Exercise:
Reproduce the listing exactly. Omit pictures.

Record extracts:
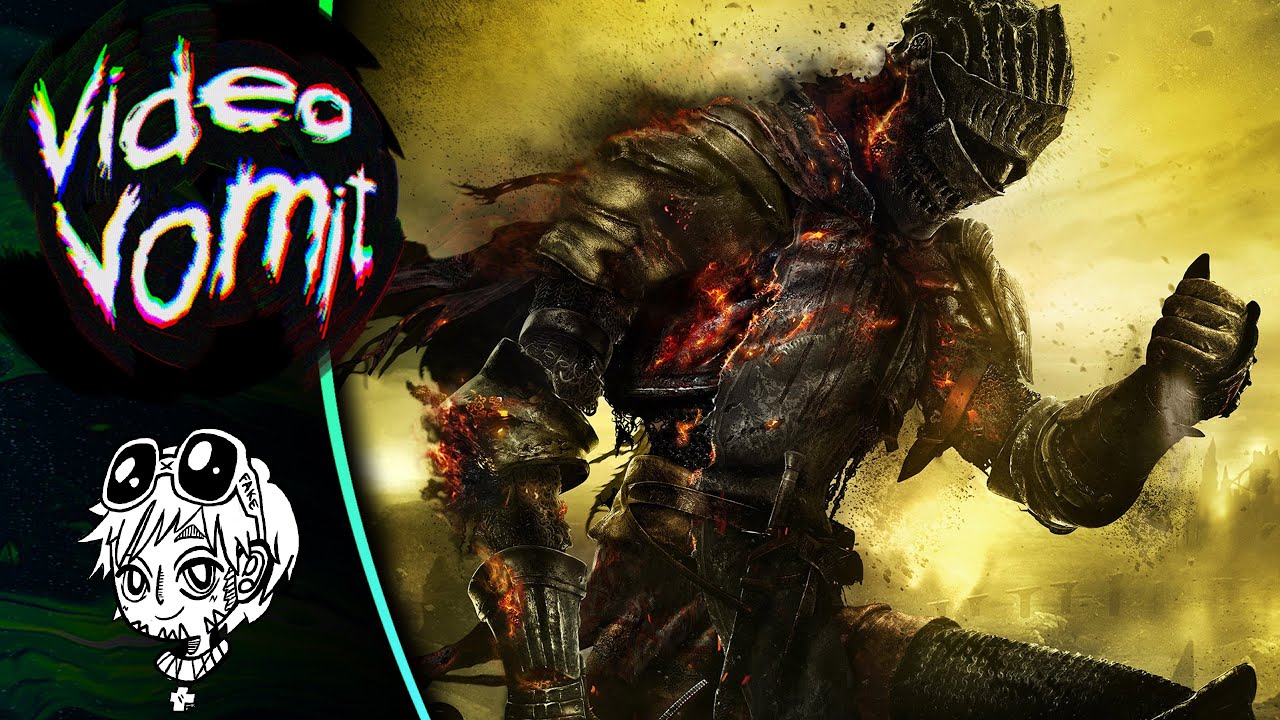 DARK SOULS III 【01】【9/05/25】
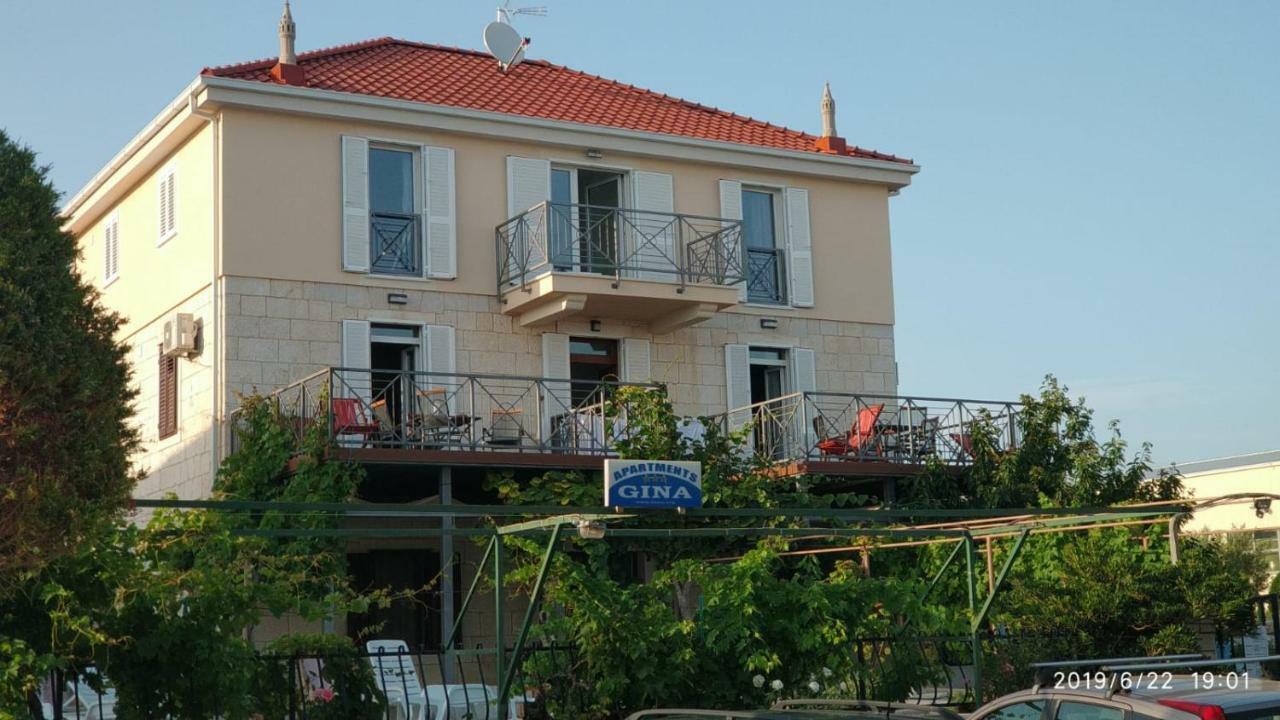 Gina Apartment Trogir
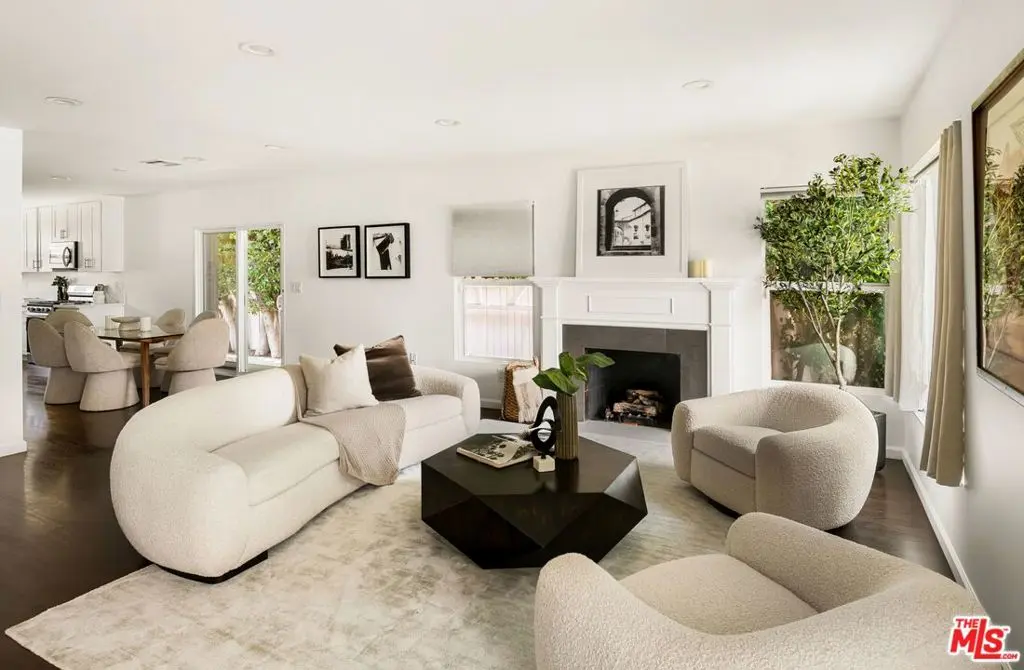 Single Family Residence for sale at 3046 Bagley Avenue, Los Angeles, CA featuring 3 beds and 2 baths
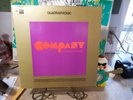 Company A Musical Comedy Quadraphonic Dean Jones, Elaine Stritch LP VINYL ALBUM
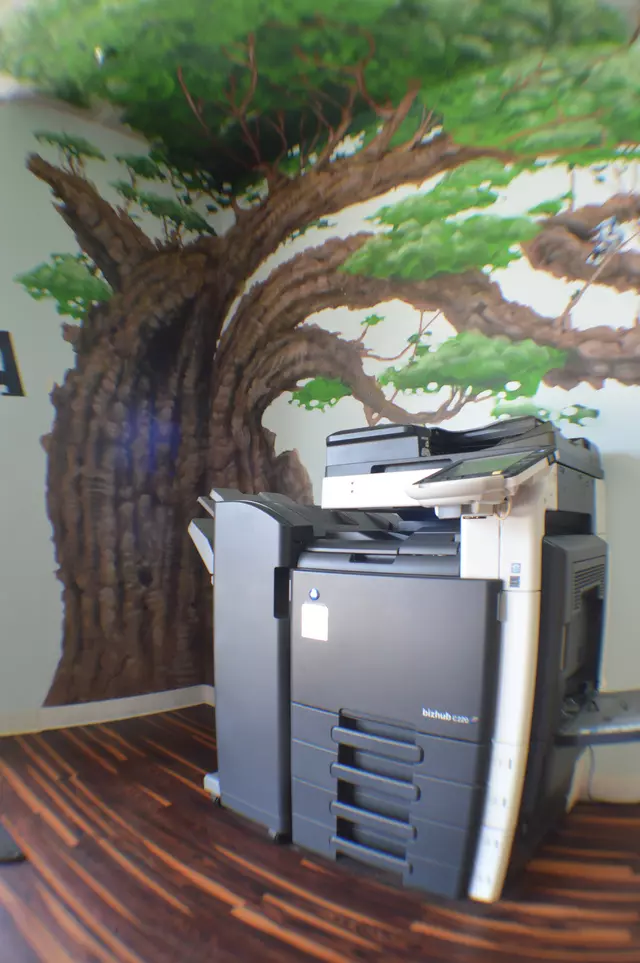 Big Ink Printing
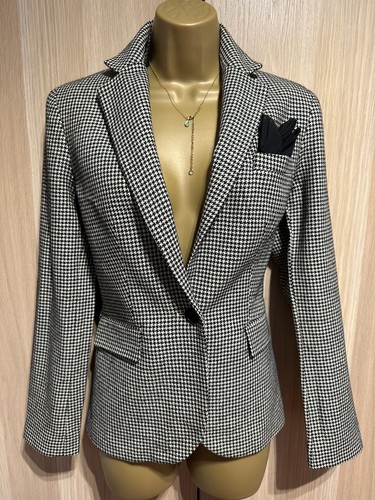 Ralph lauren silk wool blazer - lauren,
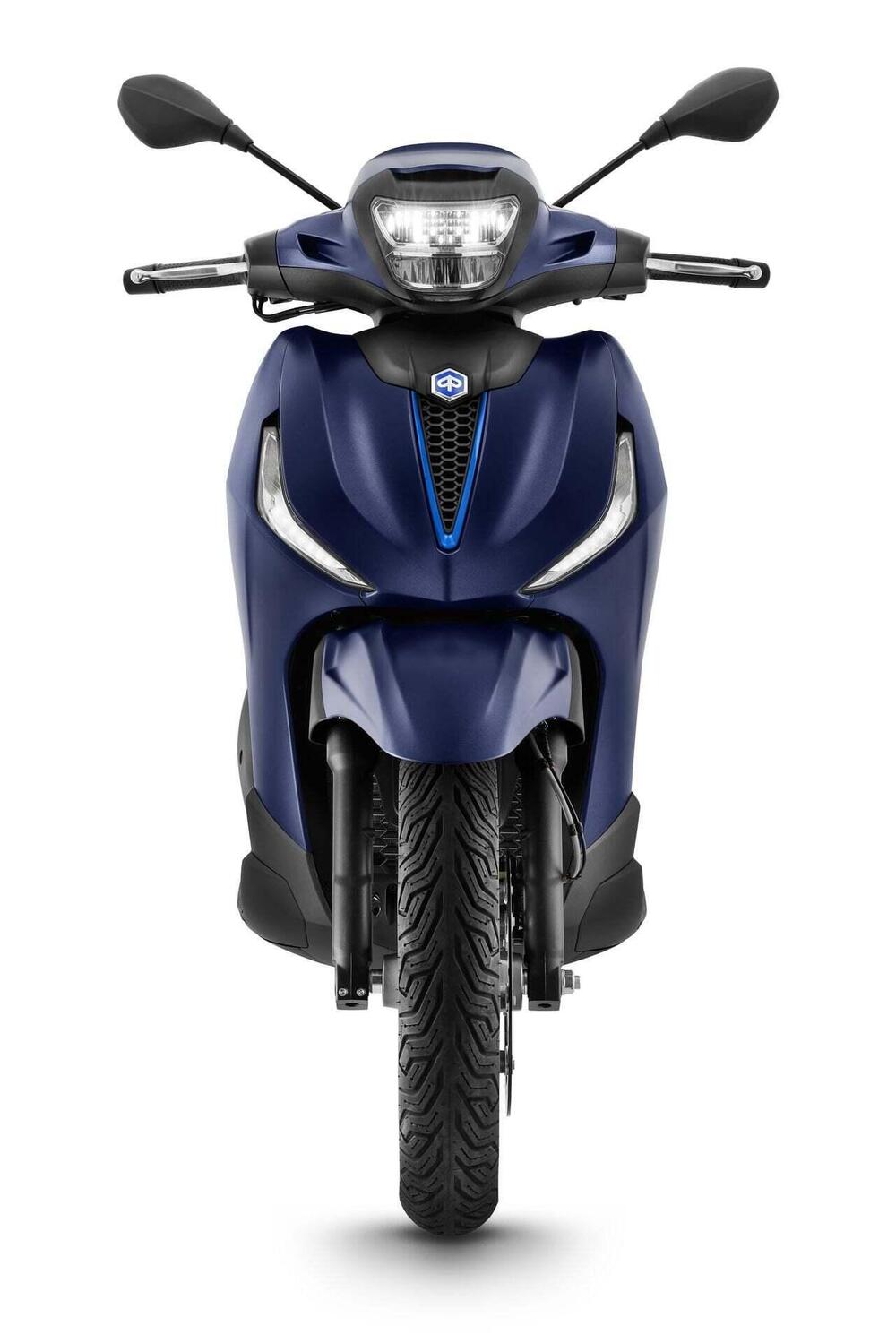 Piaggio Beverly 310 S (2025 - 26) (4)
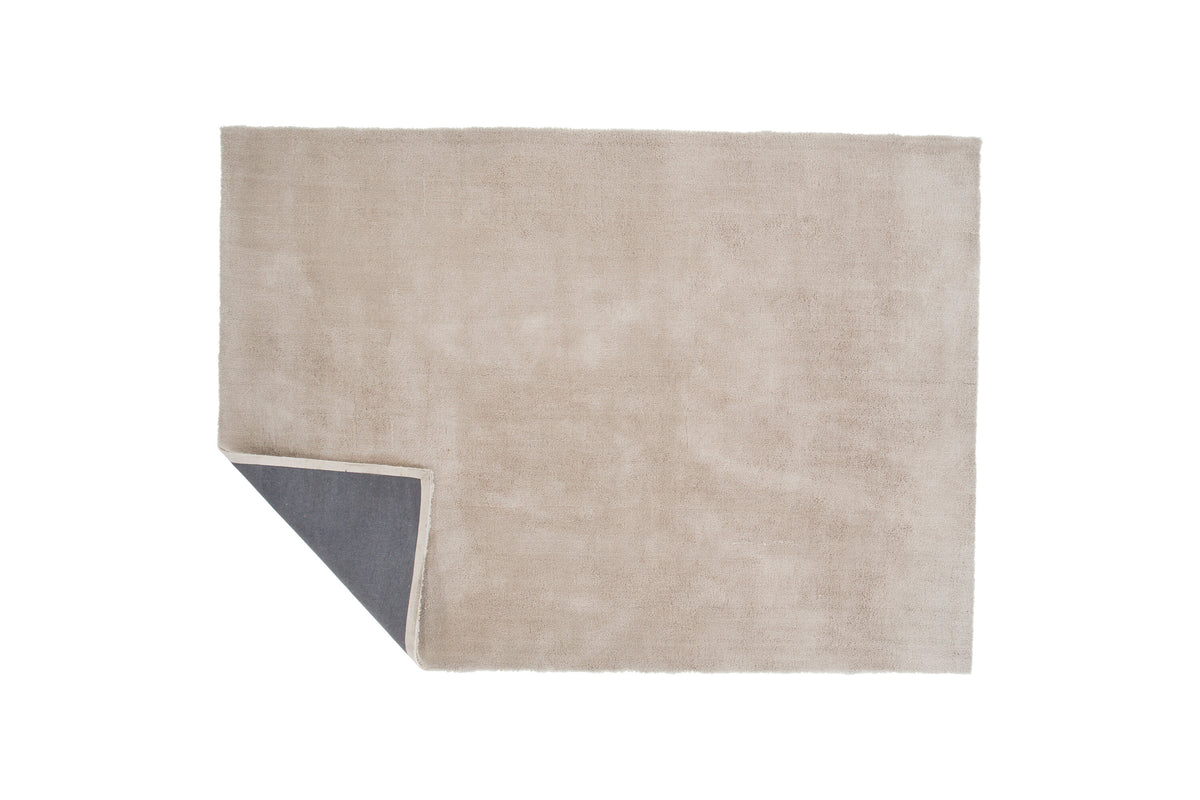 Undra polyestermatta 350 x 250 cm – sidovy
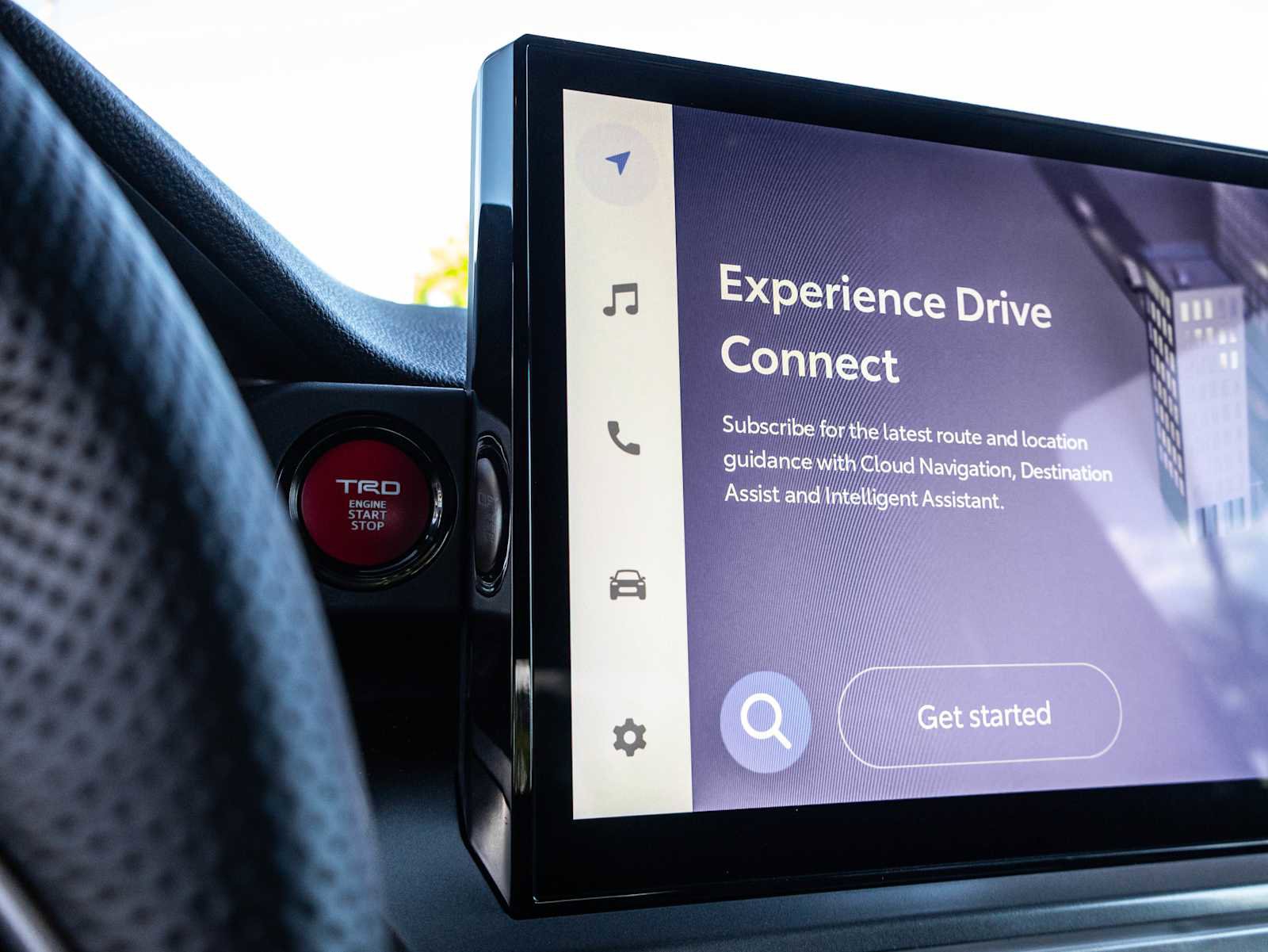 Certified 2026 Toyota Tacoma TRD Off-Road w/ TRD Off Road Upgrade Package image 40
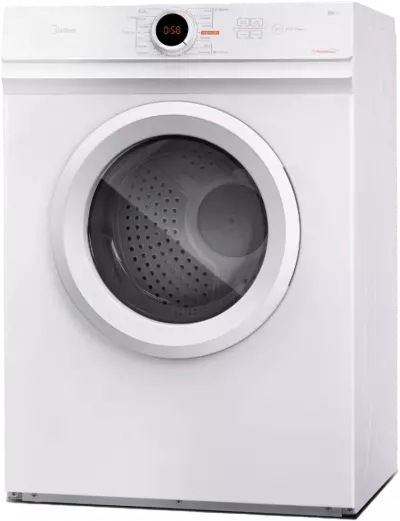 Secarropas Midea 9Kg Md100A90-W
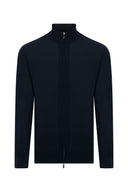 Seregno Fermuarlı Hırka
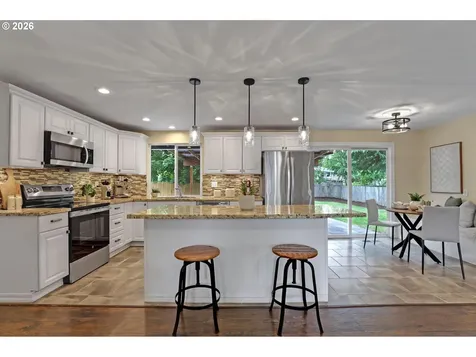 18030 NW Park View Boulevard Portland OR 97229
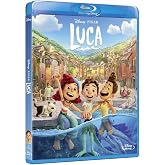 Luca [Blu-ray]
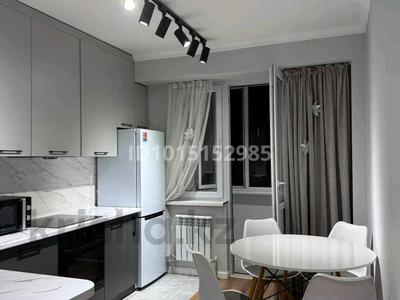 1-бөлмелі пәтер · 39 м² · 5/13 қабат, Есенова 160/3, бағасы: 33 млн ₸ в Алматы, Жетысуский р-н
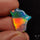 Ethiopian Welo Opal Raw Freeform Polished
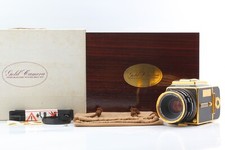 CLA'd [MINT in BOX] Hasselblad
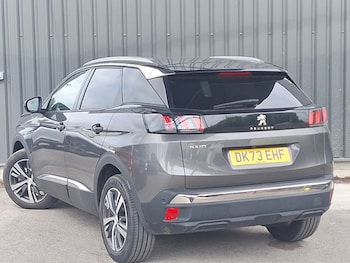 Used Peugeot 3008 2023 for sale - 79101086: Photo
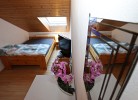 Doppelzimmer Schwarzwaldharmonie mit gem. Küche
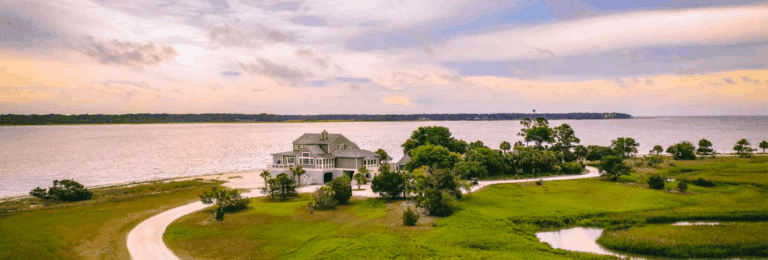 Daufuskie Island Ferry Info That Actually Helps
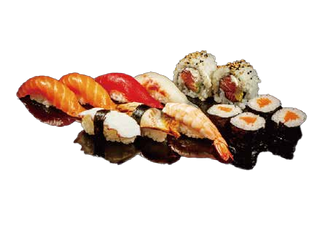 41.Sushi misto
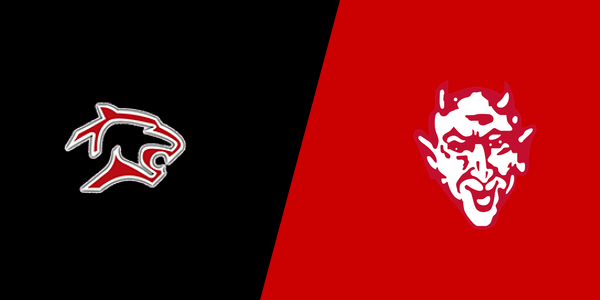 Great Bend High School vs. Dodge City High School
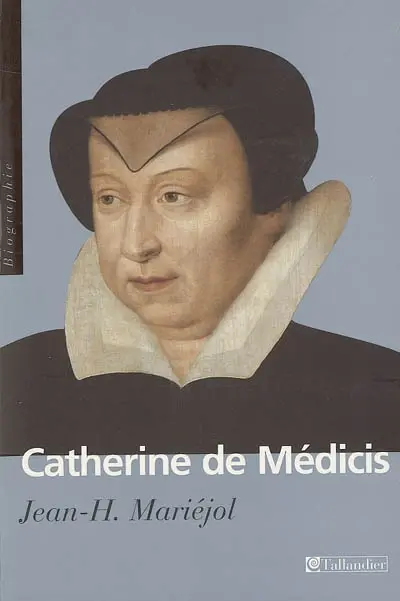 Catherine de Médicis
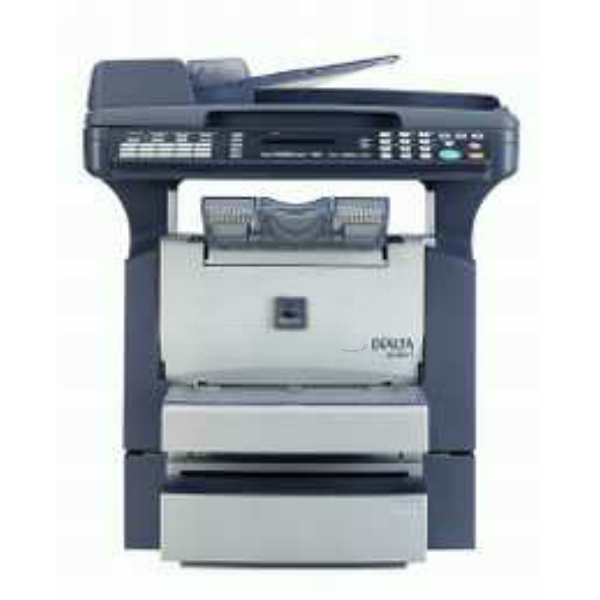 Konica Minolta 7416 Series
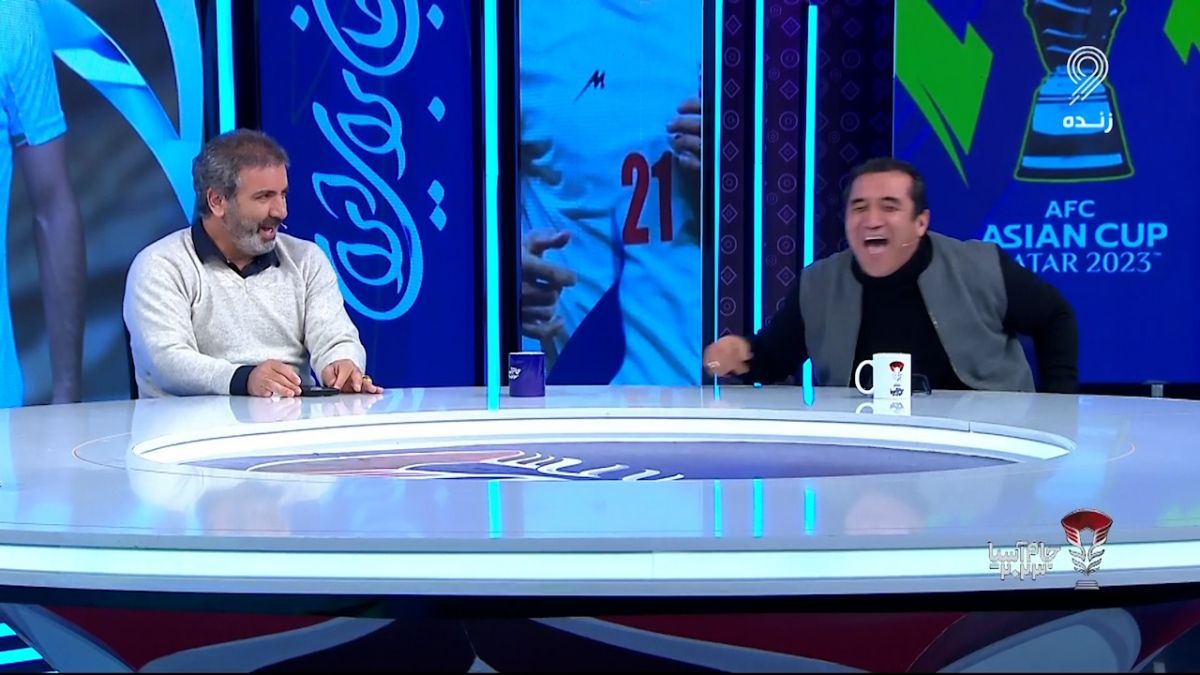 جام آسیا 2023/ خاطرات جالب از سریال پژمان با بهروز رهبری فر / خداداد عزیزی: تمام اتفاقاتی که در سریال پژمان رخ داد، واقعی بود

Solution for this problem:
 DARK SOULS III 【01】【9/05/25】
 Gina Apartment Trogir
 Single Family Residence for sale at 3046 Bagley Avenue, Los Angeles, CA featuring 3 beds and 2 baths
 Company A Musical Comedy Quadraphonic Dean Jones, Elaine Stritch LP VINYL ALBUM
 Big Ink Printing
 Ralph lauren silk wool blazer - lauren,
 Piaggio Beverly 310 S (2025 - 26) (4)
 Undra polyestermatta 350 x 250 cm – sidovy
 Certified 2026 Toyota Tacoma TRD Off-Road w/ TRD Off Road Upgrade Package image 40
 Secarropas Midea 9Kg Md100A90-W
 Seregno Fermuarlı Hırka
 18030 NW Park View Boulevard Portland OR 97229
 Luca [Blu-ray]
 1-бөлмелі пәтер · 39 м² · 5/13 қабат, Есенова 160/3, бағасы: 33 млн ₸ в Алматы, Жетысуский р-н
 Ethiopian Welo Opal Raw Freeform Polished
 CLA'd [MINT in BOX] Hasselblad
 Used Peugeot 3008 2023 for sale - 79101086: Photo
 Doppelzimmer Schwarzwaldharmonie mit gem. Küche
 Daufuskie Island Ferry Info That Actually Helps
 41.Sushi misto
 Great Bend High School vs. Dodge City High School
 Catherine de Médicis
 Konica Minolta 7416 Series
 جام آسیا 2023/ خاطرات جالب از سریال پژمان با بهروز رهبری فر / خداداد عزیزی: تمام اتفاقاتی که در سریال پژمان رخ داد، واقعی بود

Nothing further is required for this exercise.